Sunday, November 05, 2006

Concurrency in a web platform with distributed computing

Right now, it's clear whatever platform is to be the key for a Web application success, it must be based on a client-server architecture, something with the look and feel of the so-called Web 2.0 applications. That is, I want to use a Web platform to implement the aplication GUI, just as if it was a desktop application.

Wrt. the concurrency model, I would like to have multiple clients accessing simultaneously to the same application. Off course faillures on certain nodes (either clients or servers) must also be considered. Lastly, I want to be able to make computations on both the client and the server side.

Without having a Web architecture, I can find three approaches to the concurrency aspect:

  1. Shared space: By using a memory space shared by all interested nodes, one can make applications by building (complex) contraptions with locks and semaphores. It's tedious, error-prone, and is generaly considered to be avoided in medium-large applications.
  2. Message passing: Using the Actors approach in which everything is an object that is operated solely by exchanging messages with it. Most of the times this is simplified to the model where only processes (or nodes, or threads) send messages to each other (like Erlang)

  3. Declarative data flow: this is the model used by Termite, and I've described it extensively in the previous post. In short each process can send messages, data, and execution-flow to another process.
From these three, the third seems to solve more issues:

  • Doesn't need the coding complexity needed in the shared data management;
  • Does not demand separate programming of paralel processes;
  • Declarative DSL's save lots of code lines, with abstractions based on continuations replication between nodes
With the Web architecture in mind, we must consider at least the following questions:

  • How are computations going to be transferred to a given client or back to the server?
  • How will the computation be transferred at any point of the application execution?
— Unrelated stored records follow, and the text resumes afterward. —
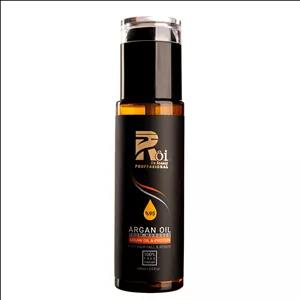 روغن آرگان تغذیه کننده مو روآ دو بیوتی مدل 01 مناسب برای انواع مو حجم 100 میلی لیتر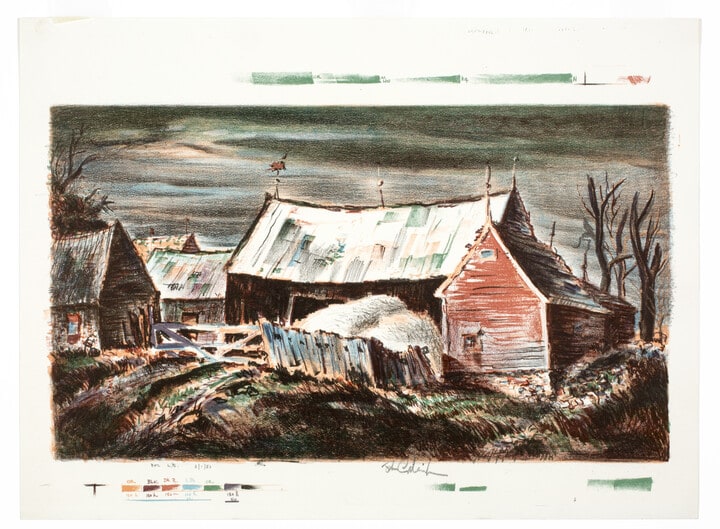 Barns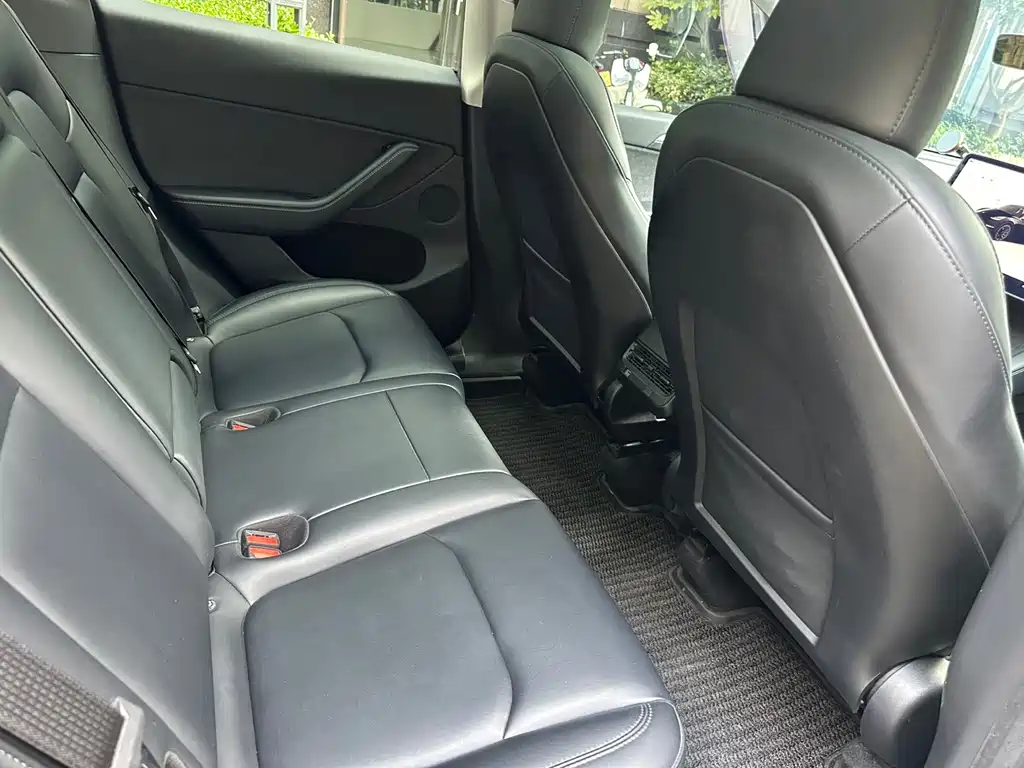 Tesla Model Y — миниатюра 8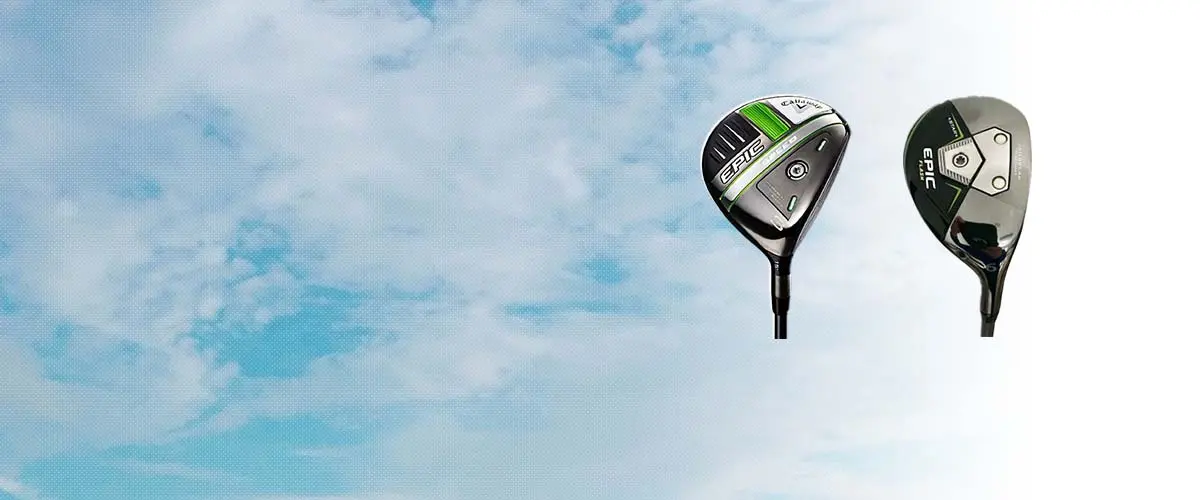 キャロウェイ(Callaway) ゴルフ EPIC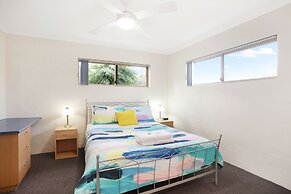 Sails Luxury Apartments Merimbula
  • Given the bandwidth current limitations, how are computations going to be serializable? In processes, continuations, closures? What is the relevant minimal data set that need to be passed along the wire?
  • It is a fact that the client must have an engine (in ECMA Script, I suppose) to process some part of the application - either the user interface or the domain application logic. This engine must be prepared to receive this sort of computations from other nodes (as well as to send some back to them).
This questions are good guides to the next stage of my research. I'll make sure to post the answers I (hopefully) find.